MOROCCO-ISRAEL

Students call for end to pacts with Israeli institutions
The National Union of Moroccan Students (NUMS) has voiced its opposition to cooperation agreements between universities in Morocco and Israel, calling on the university community to condemn and reject the pacts, and the university authorities to retract them.In a 23 September statement, NUMS said: “We express our absolute rejection of the shameful agreements concluded between Mohammed VI Polytechnic University [UM6P – private university] in Morocco and Ben-Gurion University [BGU] in Israel, and those that link the National School of Commerce and Management at Hassan II University of Casablanca [UH2C – public university] and the Faculty of Management at Tel Aviv University.
“We call on the concerned Morocco authorities to retract it and withdraw signatures, and we call on all students to express their rejection and condemnation.
“We call on all components of the university community, including professors, administrators and students to stand side by side in defence of the Moroccan university from the … schemes of normalisation with Israel aimed at making an unprecedented educational, cultural and security breakthrough in the history of our beloved Morocco,” NUMS said.
Israel and Morocco normalised diplomatic ties last year, establishing diplomatic cultural and commercial ties in December 2020 as part of the Abraham Accords brokered by the administration of former United States president Donald Trump.
Academic boycott
The Palestinian Campaign for the Academic and Cultural Boycott of Israel (PACBI) issued a statement on 24 August which said Israeli universities were “an integral part of the system of colonialism and racial discrimination, and are implicated in its ongoing crimes against the Palestinian people and the peoples of the Arab region, as they play a key role in developing Israeli military and security repressive knowledge and techniques.”
PACBI called on the university community and Moroccan civil society to intensify local pressure on the university so as to “permanently cancel” the agreements.
Another organisation, the Moroccan Front for Palestine Support and Against Normalization (MFPSAN), issued a 1 October statement calling on Moroccans to resist “normalisation schemes with Israel through education institutions” and to publicise the Palestinian cause and the struggle of the Palestinian people.
“We pledge to continue the struggle until the normalisation decision is overthrown and a law is passed criminalising it,” the MFPSAN statement said.
University response
In a statement on the institutional website, president of UM6P Hicham El Habti said the university believed that pooling the skills of scientific and technological institutions in the two countries would have a “major impact on populations at local and regional levels”.
He said UM6P and BGU consider scientific research to be a “key element of development, especially in terms of sustainability”.
By mid-October, BGU and UM6P are expected to sign a memorandum of understanding to outline their collaboration on scientific research projects and student and faculty exchanges in the areas of agriculture, water, energy and ecological restoration.
The sustainability research partnership will be supported by global companies ICL (Israel) and OCP (Morocco).
Further collaborations
On 13 September, BGU signed an academic agreement with the International University of Rabat (UIR), a semi-public university in Morocco aimed at collaboration on joint research, teaching, student and staff mobility programmes, along with studies on the cultural heritage of Moroccan Jews.
UM6P also signed an agreement with Israel’s Hebrew University of Jerusalem (HUJI) to promote academic and technological cooperation, according to a statement on the HUJI website.
El Habti described it as “one of the first formal partnerships between universities from Morocco and Israel”.
According to HUJI president, Professor Asher Cohen, the collaboration between the institutions will include joint research and collaborative degrees, innovation on a global scale, and the exchange of publications and academic materials.
“We take pride in being one of the first Israeli universities to formalise a relationship with our esteemed Moroccan counterpart.
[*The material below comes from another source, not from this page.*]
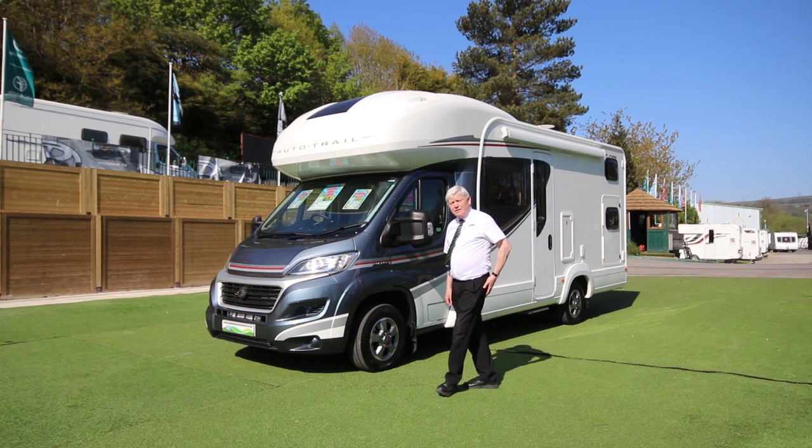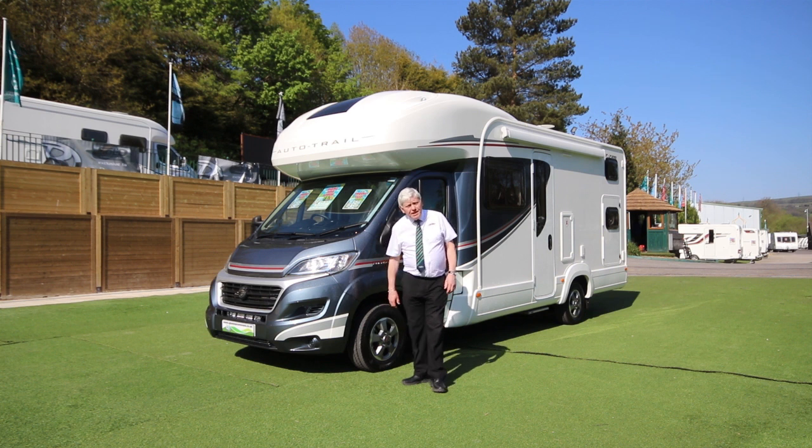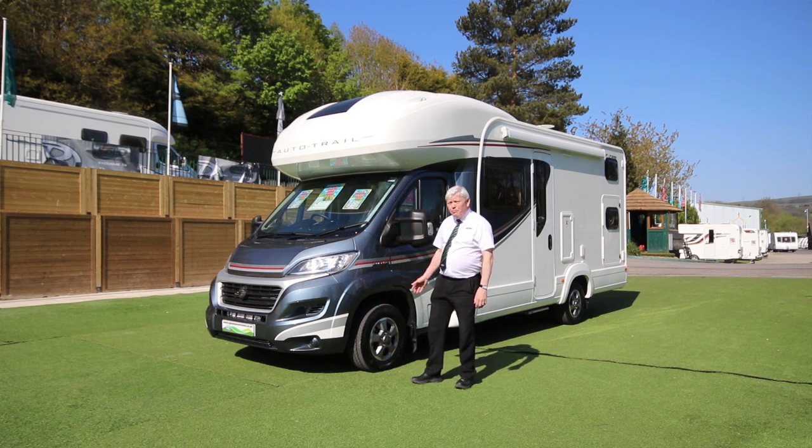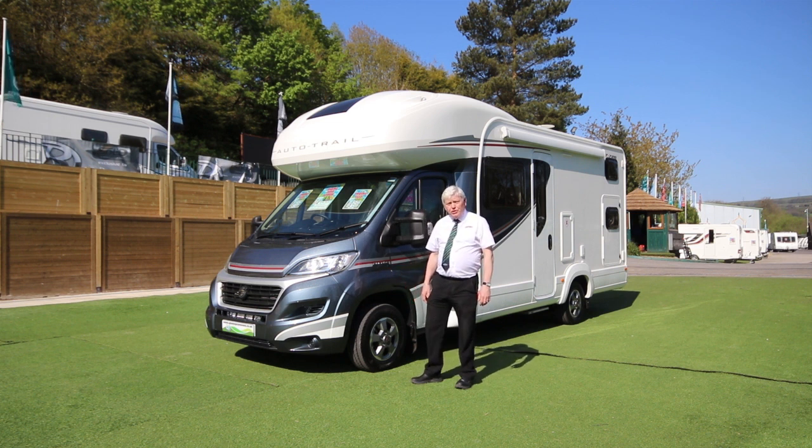Hello, welcome to Glossop Caravans. I'm here today to show you this Autotrail Tribute T726 compact 6 berth motorhome, based on the Fiat Ducato 2.3, 130 brake horsepower.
We look forward to the many ways this collaboration will benefit our two countries and the region at large,” Cohen said.
University World News made efforts to contact UM6P, UH2C and UIR to obtain their views on how they will implement the academic cooperation programmes with Israel’s universities, including Tel Aviv University, BGU and HUJI, amid the opposition of Morocco’s university community, but received no response.